From Second Life Wiki
Jump to navigation Jump to search

Transcript of Zero Linden's office hours:

[7:43] Rex Cronon: if the text has a color closer to the background is realllllllllyyyyyyy fuzzzzyyyyy
[7:43] Khamon Fate: Welcome back Zero.
[7:43] Zha Ewry: wb Zero
[7:43] Zero Linden: Fie!
[7:44] Zero Linden: Dang Lindens! Can't write anything?!?!?!
[7:44] Jarod Godel: lol@irony
[7:44] Wyn Galbraith: That's why it's nice to have Lindens in-world.
[7:44] Wyn Galbraith thinks her boyfriend has finally accepted SL. She woke up with the laptop already on the bed beside her.
[7:44] Zero Linden: Yeah - Lindens in world - If I can actually manage to stay logged in!
[7:45] Zero Linden: Ah well
[7:45] Zero Linden: Welcome all
[7:45] Wyn Galbraith: SL does't play favorites.
[7:45] Zha Ewry would like to take the graphics group and shake them. As far as she can tell, the new drivers hate ATI chips worse then the old ones
[7:45] Zero Linden: I thought I'd use this morning to give you some behind the seems look at one of our current miseries
[7:45] Wyn Galbraith: Cool.
[7:45] Zha Ewry: Go for it. :-)
[7:46] Zero Linden: So - here's the basics of one of the problems
[7:46] Zero Linden: Turns out that convering agent id's to names is one of the higher queries on the db
[7:47] Zero Linden: which is ironic - as it is one of the least changing parts of the dataset
[7:47] Rex Cronon: lots of scanners/radars do that too
[7:47] Wyn Galbraith: So why bother until the actual name is needed?
[7:47] Zero Linden: we don't Wyn
[7:47] Wyn Galbraith: Oh.
[7:47] Zero Linden: but it turns out that it is needed alot
[7:48] Zero Linden: Digression: Part of the problem of making the simulator responsible for agents is that they have to all the work that is related to communicating with humans
[7:48] Zero Linden: like, for example, formatting messages saying "so and so" is off line, etc....
[7:48] Khamon Fate: Who you callin human?
[7:48] Zero Linden: which means that they have to know the name mapping for many more agents then they would otherwise care about
[7:49] Khamon Fate: We need names every time we examine something, look at group listing, friends lists, IMs
[7:49] Zero Linden: Well, even you advanced AI systems seem to prefer names to ids....

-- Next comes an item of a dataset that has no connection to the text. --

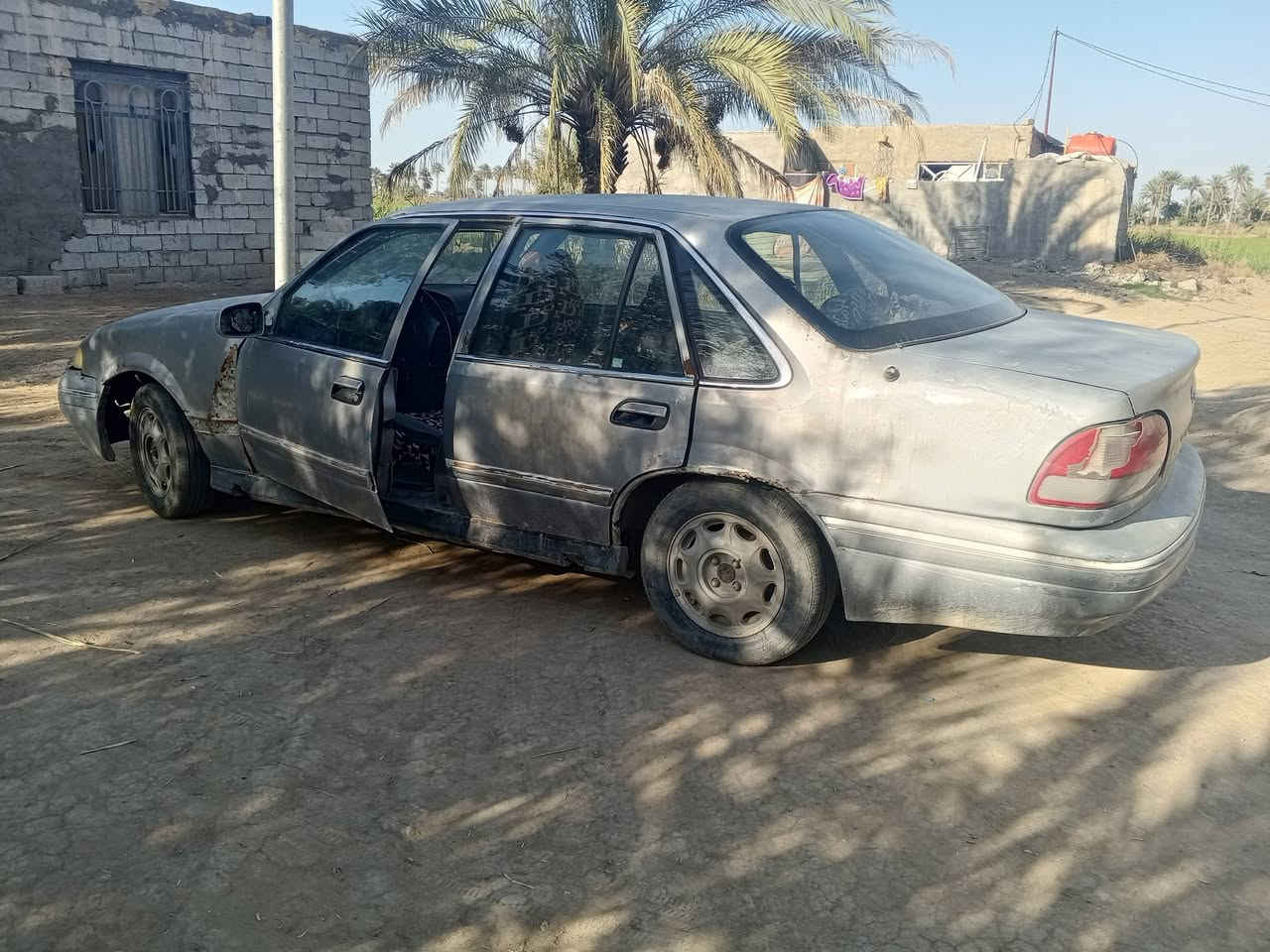 برنس للبيع كير ومكينه مكفولات   مكان غماس   سعر 10وبيهة مجال.  رقم قادسيه  ***********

[7:49] Zero Linden: but I digress
[7:49] Zero Linden: SO
[7:49] Khamon Fate: Yes scripts demand that resolution very often as well.

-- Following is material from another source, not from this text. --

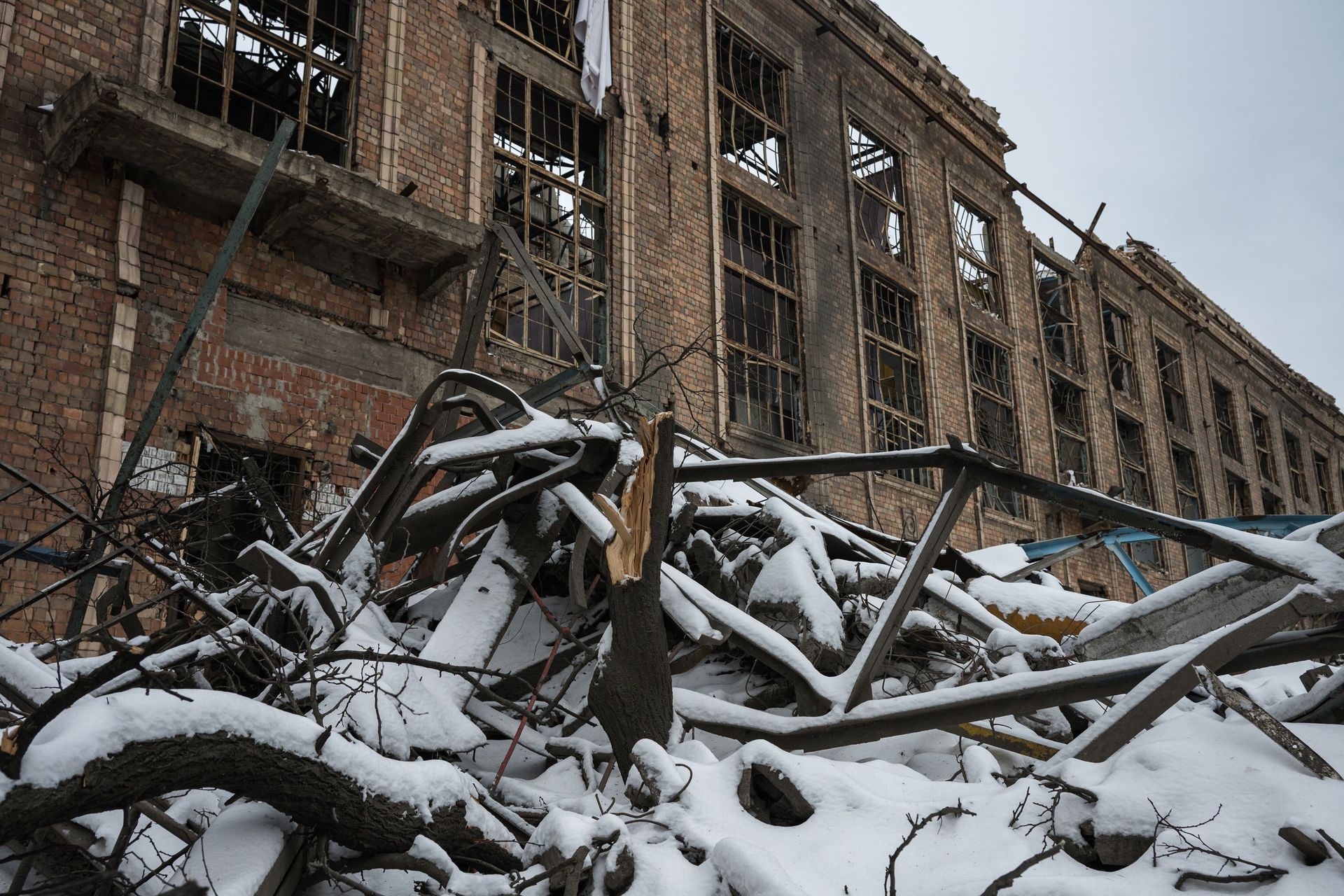 Zmasowany atak na Kijów. Szkoły i przedszkola bez ogrzewania Kép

[7:49] Zero Linden: Someone had the idea to use a partitioned REST server as a store for that data
[7:50] Khamon Fate: We even log into the Second Life websites with our names rather than our keys.
[7:50] Zero Linden: so they dutifully made the datasevers query via HTTP for this info.

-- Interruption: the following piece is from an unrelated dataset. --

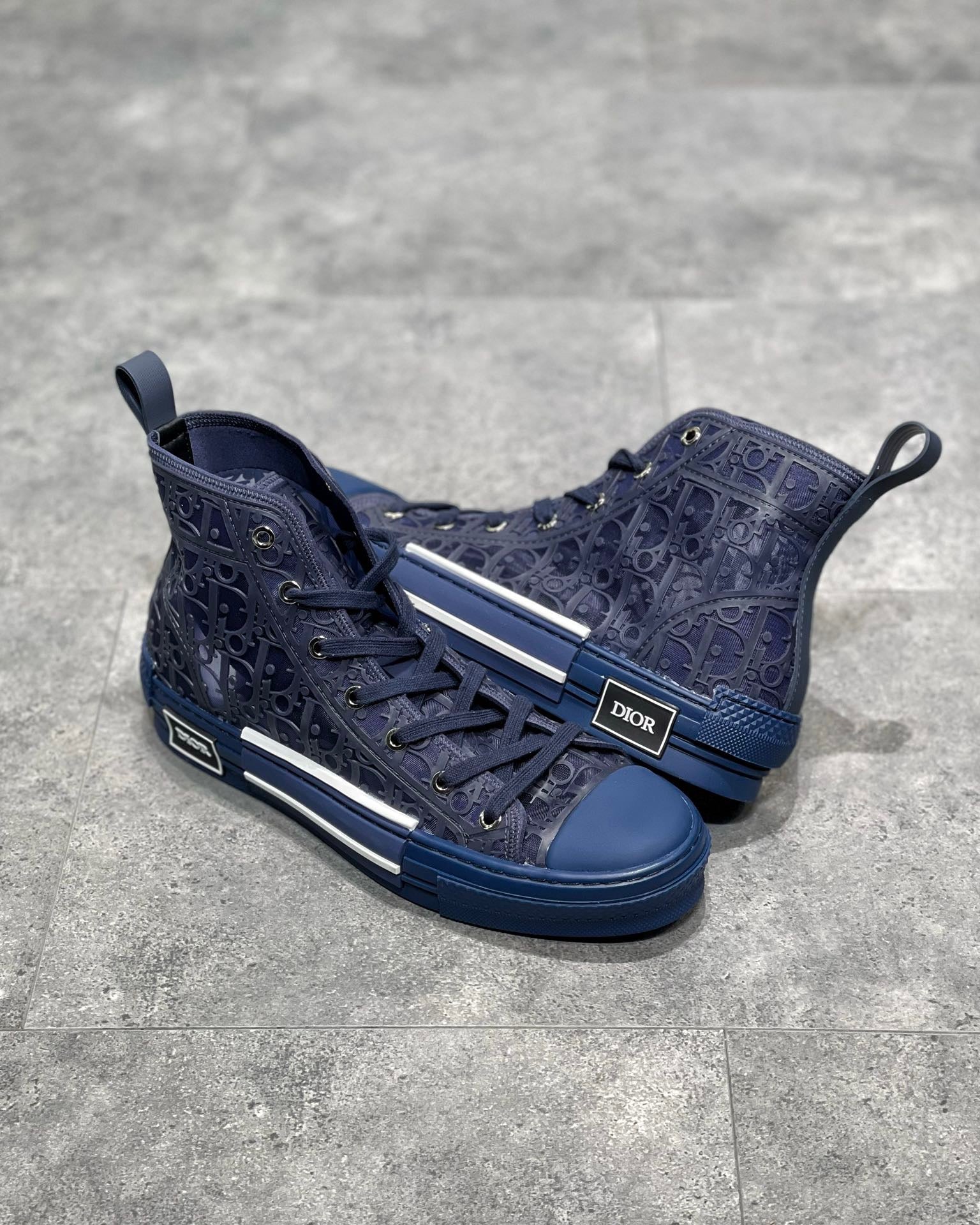 CD B23 SNEAKERS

[7:50] Zero Linden: which then should be cacheable etc.....
[7:50] Khamon Fate: I think that was Jarod's idea orginially.
[7:50] Zero Linden: Only at the same time, someone else generalized the web service architecture
[7:51] Zero Linden: and it turns out, that set of code DIDN'T make those HTTP requests via the local squid cache
[7:51] Zero Linden: so --- no caching
[7:51] Zero Linden: which still should have been better than hitting the central db
[7:51] Zero Linden: BUT
[7:51] Zero Linden: the load on the central backbone servers (our partitioned REST system)
[7:52] Zero Linden: went from about 340 requests/second /machine
[7:52] Zero Linden: to pegging at about 760 req./sec./server
[7:52] Zero Linden: And quick log analysis revealed that it was all this name lookup
[7:52] Zero Linden: Alas - that is the same set of servers that has agent presence....
[7:53] Zero Linden: which is why friends and login are both bork'd now
[7:53] Zero Linden: SO - three fixes in the works last evening:
[7:53] Rex Cronon: that is why it took me yesterday 1 hour to log in?
[7:53] Zero Linden: 1) increase the partitioning from 4 to 8 servers
[7:54] Zero Linden: 2) merge in the code to support query via local squid cache into the web services framework (had been done in another branch )
[7:54] Wyn Galbraith: That's why groups didn't show members too?
[7:54] Zero Linden: 3) Figure out why the in-process name cache in the sim and the dataserver wasn't working at all
[7:54] Zero Linden: yes and yes
[7:54] Wyn Galbraith: Wow, interesting.
[7:54] Zero Linden: At the moment - none of these has been deployed
[7:55] Zero Linden: so - amazing the system still works even under such load
[7:55] Zero Linden: So - here's the thing
[7:55] Khamon Fate: Do the squids only cache what the sim requests from a dataserver?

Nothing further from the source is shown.